Halictus? savenyei Temporal range: Ypresian 51.5 Ma PreꞒ Ꞓ O S D C P T J K Pg N ↓

Scientific classification
- Domain: Eukaryota
- Kingdom: Animalia
- Phylum: Arthropoda
- Class: Insecta
- Order: Hymenoptera
- Family: Halictidae
- Tribe: Halictini
- Genus: Halictus (?)
- Species: H.? savenyei
- Binomial name: Halictus? savenyei Engel & Archibald, 2003

= Halictus? savenyei =

Fossil species of bee

Halictus? savenyei is an extinct species of sweat bee possibly in the halictid genus Halictus. The species is solely known from the Early Eocene, Ypresian stage, Coldwater Beds, part of the Princeton Group, in the Quilchena area, Nicola Country, British Columbia, Canada.

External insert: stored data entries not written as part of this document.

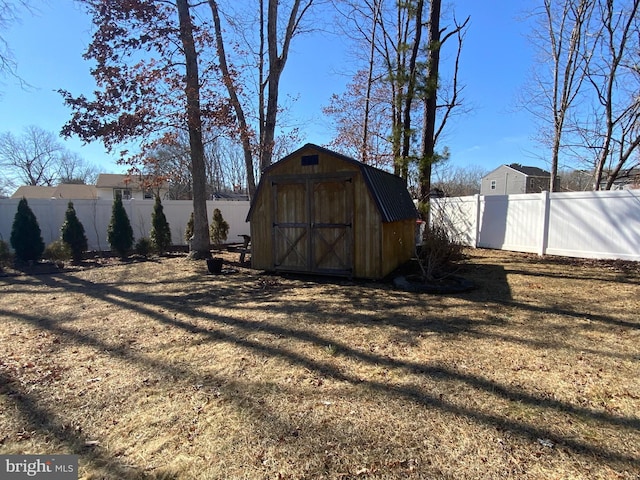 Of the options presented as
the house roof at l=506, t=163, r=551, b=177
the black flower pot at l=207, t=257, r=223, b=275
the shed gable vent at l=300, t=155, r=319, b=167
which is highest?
the house roof at l=506, t=163, r=551, b=177

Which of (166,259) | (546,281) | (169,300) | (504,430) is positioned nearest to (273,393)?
(504,430)

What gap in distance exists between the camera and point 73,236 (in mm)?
10070

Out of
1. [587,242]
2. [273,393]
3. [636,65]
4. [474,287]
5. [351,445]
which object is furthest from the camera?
[636,65]

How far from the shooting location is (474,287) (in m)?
6.39

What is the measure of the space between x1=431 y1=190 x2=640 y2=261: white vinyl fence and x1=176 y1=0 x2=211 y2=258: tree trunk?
22.6ft

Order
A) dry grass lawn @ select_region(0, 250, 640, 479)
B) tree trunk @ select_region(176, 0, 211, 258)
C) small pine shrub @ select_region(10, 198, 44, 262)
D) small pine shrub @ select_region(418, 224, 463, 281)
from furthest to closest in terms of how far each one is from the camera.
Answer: tree trunk @ select_region(176, 0, 211, 258) → small pine shrub @ select_region(10, 198, 44, 262) → small pine shrub @ select_region(418, 224, 463, 281) → dry grass lawn @ select_region(0, 250, 640, 479)

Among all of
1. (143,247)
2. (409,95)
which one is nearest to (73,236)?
(143,247)

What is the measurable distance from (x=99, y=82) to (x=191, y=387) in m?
9.91

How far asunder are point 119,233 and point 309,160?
7194 millimetres

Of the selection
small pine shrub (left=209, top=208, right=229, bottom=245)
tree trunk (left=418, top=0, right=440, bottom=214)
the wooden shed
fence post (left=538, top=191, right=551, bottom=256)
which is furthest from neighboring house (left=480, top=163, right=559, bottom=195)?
the wooden shed

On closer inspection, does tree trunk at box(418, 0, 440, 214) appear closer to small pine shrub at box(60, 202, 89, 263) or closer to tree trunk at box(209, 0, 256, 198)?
tree trunk at box(209, 0, 256, 198)

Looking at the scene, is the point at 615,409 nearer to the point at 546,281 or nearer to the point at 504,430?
the point at 504,430

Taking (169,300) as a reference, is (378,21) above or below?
above

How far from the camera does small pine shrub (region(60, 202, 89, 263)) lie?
10.0m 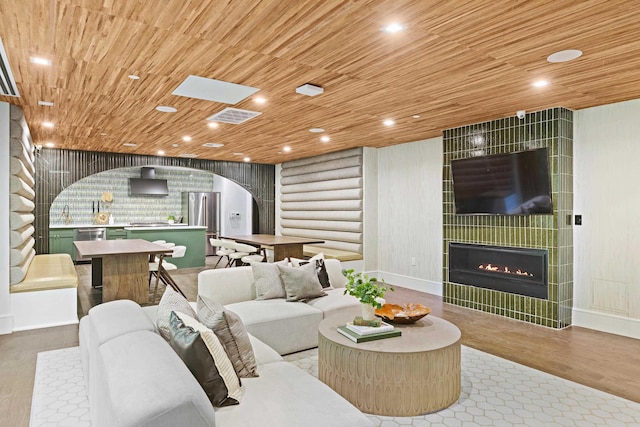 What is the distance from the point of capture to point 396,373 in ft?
8.22

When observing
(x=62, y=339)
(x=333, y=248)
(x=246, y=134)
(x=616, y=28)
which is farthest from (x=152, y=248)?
(x=616, y=28)

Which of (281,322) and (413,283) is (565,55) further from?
(413,283)

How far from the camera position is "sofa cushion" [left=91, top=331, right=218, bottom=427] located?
1247 millimetres

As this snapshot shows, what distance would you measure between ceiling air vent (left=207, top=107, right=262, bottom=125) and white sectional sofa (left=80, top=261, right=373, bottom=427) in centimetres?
276

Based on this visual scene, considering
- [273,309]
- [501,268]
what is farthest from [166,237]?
[501,268]

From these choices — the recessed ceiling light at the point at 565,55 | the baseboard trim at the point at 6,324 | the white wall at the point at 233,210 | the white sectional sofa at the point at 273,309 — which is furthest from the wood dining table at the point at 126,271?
the white wall at the point at 233,210

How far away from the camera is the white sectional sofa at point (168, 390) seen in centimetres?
129

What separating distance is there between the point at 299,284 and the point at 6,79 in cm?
322

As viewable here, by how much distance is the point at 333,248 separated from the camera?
7938 mm

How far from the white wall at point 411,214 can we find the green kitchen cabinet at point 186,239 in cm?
404

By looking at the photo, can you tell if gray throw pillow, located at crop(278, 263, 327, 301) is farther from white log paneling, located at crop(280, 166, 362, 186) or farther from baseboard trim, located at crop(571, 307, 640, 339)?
white log paneling, located at crop(280, 166, 362, 186)

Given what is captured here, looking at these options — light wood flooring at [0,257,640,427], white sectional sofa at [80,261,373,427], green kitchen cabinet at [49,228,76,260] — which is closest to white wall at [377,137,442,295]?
Result: light wood flooring at [0,257,640,427]

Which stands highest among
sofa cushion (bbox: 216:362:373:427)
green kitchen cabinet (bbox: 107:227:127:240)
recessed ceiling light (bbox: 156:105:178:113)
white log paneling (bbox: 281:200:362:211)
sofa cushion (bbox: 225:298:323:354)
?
recessed ceiling light (bbox: 156:105:178:113)

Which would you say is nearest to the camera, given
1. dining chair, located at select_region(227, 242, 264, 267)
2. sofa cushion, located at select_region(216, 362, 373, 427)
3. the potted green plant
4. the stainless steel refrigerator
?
sofa cushion, located at select_region(216, 362, 373, 427) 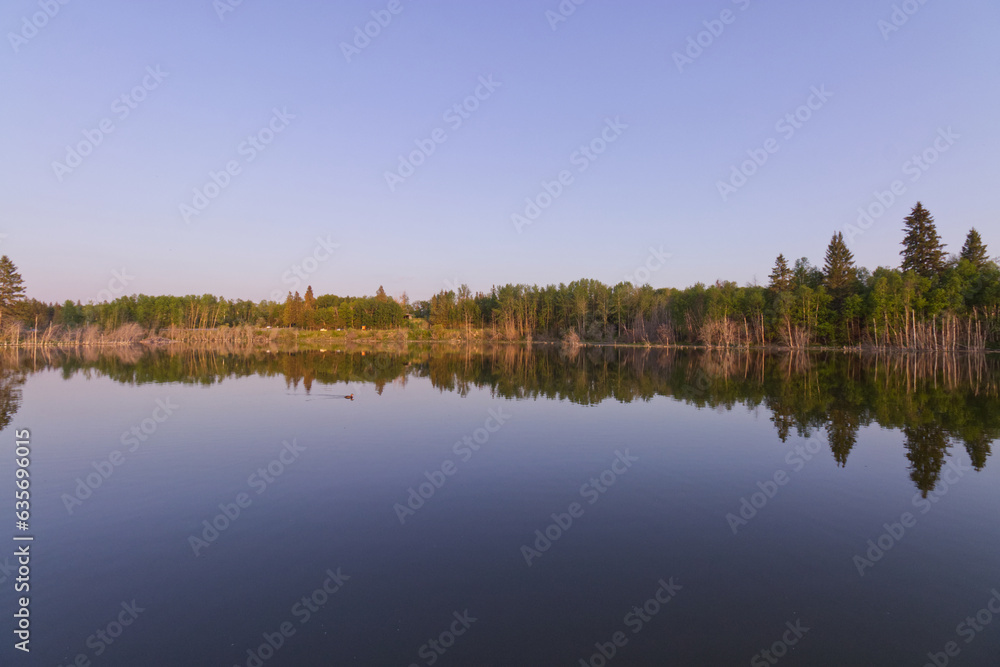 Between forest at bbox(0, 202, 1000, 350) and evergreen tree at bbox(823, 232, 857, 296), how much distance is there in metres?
0.13

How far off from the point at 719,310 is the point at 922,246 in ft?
75.7

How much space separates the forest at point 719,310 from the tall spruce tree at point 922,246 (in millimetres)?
117

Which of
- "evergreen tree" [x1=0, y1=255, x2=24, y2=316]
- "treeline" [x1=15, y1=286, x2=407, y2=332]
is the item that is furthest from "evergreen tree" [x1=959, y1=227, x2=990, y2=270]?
"evergreen tree" [x1=0, y1=255, x2=24, y2=316]

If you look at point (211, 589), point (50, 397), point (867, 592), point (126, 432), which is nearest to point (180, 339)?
point (50, 397)

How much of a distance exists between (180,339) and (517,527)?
256 ft

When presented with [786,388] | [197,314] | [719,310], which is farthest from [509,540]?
[197,314]

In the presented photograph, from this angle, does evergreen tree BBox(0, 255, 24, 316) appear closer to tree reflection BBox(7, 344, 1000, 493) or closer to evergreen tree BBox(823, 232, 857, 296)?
tree reflection BBox(7, 344, 1000, 493)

==History and classification==
Halictus? savenyei is known only from one fossil, the part and counterpart holotype, specimen numbers "Q-0424a" for the part and "Q-0424b" for the counterpart respectively. The specimen is composed of a complete female specimen preserved as a compression fossil on small chips of shale, recovered from outcrops of the Coldwater Beds shales in the Quilchena area by Rene Savenye. The type specimen is currently preserved in the Department of Paleobiology collections housed at Simon Fraser University, located in Burnaby, British Columbia, Canada. H.? savenyei was first studied by Michael S. Engel of the University of Kansas, Lawrence, Kansas, USA and S. Bruce Archibald of the Museum of Comparative Zoology in Cambridge, Massachusetts, USA. Their 2003 type description of the new species was published in the journal The Canadian Entomologist. Engel and Archibald coined the specific epithet savenyei in honor of the late Rene Savenye who found and donated the fossil. At the time of the species description, Halictus? savenyei was the second-oldest bee body fossil described and the only bee described from Canadian fossil deposits.

==Description==
The H.? savenyei type specimen is a fairly well preserved complete adult female preserved with portions of the fore-wings and hind-wings. The specimen is 7.04 mm long with the possibility of alteration in length during fossilization. The sections of forewing which are preserved are approximately 4.8 mm long and show dark brown to black coloration. The presence of a pygidial plate bordered by setae on the fifth metasomal tergum supports the placement into the Halictidae subfamily Halictinae. Placement into the tribe Halictini is based on the lack of a medial cleft in the fifth tergum.